= George Gabin =

American painter (1931–2012)

George Gabin (April 16, 1931 – January 7, 2012) was an American artist and art educator.

Born in Brooklyn, New York, Gabin was a prolific painter whose work spanned more than six decades, Gabin's realist paintings and drawings have been described as "atmospheric [and] quasi-surreal." He exhibited nationally, and his work is in more than 100 collections in the United States.

Gabin studied art at the Brooklyn Museum Art School from 1949 to 1954. He also studied at the Art Students League in New York City from 1950 to 1954. His teachers included Reginald Marsh, Ivan Olinsky, and Will Barnet.

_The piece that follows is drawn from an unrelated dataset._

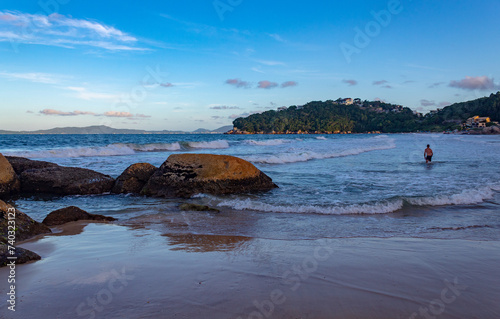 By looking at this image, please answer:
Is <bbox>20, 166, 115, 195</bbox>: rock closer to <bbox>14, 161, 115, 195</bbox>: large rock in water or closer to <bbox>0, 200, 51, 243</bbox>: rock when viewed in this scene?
<bbox>14, 161, 115, 195</bbox>: large rock in water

From 1963 until 1970, Gabin taught at the New England School of Art and Design, Boston, Massachusetts. In 1970, he and a group of fellow artists, which included Oliver Balf, Joseph Jeswald, Roger Martin, Reno Pisano, Paul Scott, Jim Sweeney and Vincent Varvaro, founded Montserrat School of Visual Art, the forerunner of Montserrat College of Art in Beverly, Massachusetts. Gabin served on the faculty at Montserrat until his retirement in 1998. He was Professor Emeritus at the college until his death in January 2012.

Gabin died in Somerville, Massachusetts, in January 2012.